# Lab 6: Regular Expressions

## Course Policies

**Collaboration Policy**

Data science is a collaborative activity. While you may talk with others about
the homework, we ask that you **write your solutions individually**. If you do
discuss the assignments with others please **include their names** at the top
of your solution.


## Due Date

This assignment is due at **11:59pm Sunday, October 13th**.

# Collaborators

Write names in this cell:

In [1]:
import pandas as pd
import numpy as np
import re
import sqlalchemy

from dsua_112_utils import fetch_and_cache
from pathlib import Path

## Objectives for Lab 6:

This lab has two main parts. 

You will practice the basic usage of regular expressions and also learn to use `re` module in Python.  Some of the materials are based on the tutorial at http://opim.wharton.upenn.edu/~sok/idtresources/python/regex.pdf.

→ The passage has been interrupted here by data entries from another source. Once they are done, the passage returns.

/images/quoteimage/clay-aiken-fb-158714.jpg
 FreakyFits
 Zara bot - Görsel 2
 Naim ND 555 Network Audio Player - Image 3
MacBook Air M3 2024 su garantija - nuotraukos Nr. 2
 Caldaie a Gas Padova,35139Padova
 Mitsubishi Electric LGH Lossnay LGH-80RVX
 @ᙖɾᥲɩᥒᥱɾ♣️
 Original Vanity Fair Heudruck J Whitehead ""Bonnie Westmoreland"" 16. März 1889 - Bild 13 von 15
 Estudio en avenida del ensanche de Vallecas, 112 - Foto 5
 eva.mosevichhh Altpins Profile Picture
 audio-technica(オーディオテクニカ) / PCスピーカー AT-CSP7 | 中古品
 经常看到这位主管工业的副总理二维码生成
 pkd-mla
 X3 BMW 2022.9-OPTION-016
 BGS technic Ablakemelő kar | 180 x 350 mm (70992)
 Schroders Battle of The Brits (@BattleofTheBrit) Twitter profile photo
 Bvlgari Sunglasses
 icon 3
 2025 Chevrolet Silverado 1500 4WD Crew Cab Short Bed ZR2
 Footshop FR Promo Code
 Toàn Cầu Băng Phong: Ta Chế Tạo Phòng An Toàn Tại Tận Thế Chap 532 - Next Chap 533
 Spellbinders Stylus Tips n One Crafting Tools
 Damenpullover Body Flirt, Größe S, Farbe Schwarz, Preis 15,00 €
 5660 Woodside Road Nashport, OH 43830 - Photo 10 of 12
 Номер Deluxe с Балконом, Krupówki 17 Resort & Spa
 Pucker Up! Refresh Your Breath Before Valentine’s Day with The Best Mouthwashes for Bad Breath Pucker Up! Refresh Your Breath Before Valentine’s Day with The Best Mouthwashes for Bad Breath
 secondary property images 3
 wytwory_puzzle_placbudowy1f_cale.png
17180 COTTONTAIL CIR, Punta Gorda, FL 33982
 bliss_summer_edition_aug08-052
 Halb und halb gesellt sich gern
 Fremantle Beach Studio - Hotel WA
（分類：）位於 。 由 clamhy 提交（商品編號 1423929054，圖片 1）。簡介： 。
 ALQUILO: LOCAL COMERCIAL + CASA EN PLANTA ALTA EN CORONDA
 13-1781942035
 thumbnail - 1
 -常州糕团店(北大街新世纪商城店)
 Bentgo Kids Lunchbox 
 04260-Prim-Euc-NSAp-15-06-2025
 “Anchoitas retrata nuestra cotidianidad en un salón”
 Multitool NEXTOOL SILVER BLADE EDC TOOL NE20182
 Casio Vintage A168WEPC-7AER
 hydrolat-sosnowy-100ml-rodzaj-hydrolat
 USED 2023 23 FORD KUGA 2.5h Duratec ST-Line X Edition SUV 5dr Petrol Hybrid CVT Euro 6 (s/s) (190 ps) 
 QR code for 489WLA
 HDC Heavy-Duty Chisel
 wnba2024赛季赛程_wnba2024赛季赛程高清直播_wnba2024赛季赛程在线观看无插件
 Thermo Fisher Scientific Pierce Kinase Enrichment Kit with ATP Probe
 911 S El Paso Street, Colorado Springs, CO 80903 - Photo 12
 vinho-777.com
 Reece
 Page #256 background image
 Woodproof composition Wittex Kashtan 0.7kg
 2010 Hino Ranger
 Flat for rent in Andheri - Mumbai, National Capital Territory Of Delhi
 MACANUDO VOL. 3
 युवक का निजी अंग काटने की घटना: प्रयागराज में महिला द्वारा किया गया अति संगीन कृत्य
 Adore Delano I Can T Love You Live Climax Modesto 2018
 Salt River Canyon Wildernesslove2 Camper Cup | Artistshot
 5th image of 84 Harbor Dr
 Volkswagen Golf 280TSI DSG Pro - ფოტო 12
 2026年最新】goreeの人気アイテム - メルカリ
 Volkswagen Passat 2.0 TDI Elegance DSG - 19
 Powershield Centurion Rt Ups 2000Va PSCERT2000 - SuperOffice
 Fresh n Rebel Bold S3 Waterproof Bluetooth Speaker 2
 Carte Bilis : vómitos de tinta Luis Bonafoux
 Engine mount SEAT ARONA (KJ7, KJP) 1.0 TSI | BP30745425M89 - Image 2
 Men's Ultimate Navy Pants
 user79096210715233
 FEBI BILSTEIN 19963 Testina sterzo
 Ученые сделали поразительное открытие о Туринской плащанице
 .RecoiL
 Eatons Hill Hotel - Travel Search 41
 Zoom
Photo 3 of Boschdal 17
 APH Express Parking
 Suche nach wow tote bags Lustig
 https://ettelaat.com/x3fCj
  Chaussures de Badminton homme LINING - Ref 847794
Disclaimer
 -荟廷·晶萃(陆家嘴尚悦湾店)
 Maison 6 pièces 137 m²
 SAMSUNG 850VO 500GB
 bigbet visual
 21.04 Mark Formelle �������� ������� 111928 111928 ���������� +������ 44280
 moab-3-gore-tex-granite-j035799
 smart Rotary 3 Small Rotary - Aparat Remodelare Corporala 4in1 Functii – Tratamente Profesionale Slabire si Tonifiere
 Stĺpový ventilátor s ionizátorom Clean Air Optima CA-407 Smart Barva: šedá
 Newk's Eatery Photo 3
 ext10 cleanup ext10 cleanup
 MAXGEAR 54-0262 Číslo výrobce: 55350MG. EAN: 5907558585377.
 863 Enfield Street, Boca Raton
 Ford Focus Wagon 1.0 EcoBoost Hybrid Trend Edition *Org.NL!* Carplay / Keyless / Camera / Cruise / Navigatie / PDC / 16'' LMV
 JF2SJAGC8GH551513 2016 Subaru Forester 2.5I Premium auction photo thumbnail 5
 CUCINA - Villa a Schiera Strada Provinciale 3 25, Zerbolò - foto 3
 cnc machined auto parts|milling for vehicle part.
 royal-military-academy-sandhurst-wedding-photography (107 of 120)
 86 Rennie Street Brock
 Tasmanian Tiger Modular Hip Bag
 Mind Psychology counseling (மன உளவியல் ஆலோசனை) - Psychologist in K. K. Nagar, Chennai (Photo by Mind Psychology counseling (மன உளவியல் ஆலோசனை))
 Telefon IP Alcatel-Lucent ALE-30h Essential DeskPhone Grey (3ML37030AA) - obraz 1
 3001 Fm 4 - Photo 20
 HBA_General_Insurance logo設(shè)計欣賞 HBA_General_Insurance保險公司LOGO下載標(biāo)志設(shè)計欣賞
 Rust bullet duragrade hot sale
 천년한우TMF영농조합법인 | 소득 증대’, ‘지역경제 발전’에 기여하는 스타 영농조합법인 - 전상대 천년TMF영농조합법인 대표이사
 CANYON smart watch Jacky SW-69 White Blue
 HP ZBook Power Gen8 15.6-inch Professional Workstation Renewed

As you work through the first part of the lab, you may also find the website http://regex101.com helpful. 


---
# Regular Expressions

We'll start by learning about the simplest possible regular expressions. Since regular expressions are used
to operate on strings, we'll start with the most common task: matching characters.

Most letters and characters will simply match themselves. For example, the regular expression `r'test'` will match the string `test` exactly. There are exceptions to this rule; some characters are special, and don't match themselves.

Here is a list of metacharacters that are widely used in regular experssion. 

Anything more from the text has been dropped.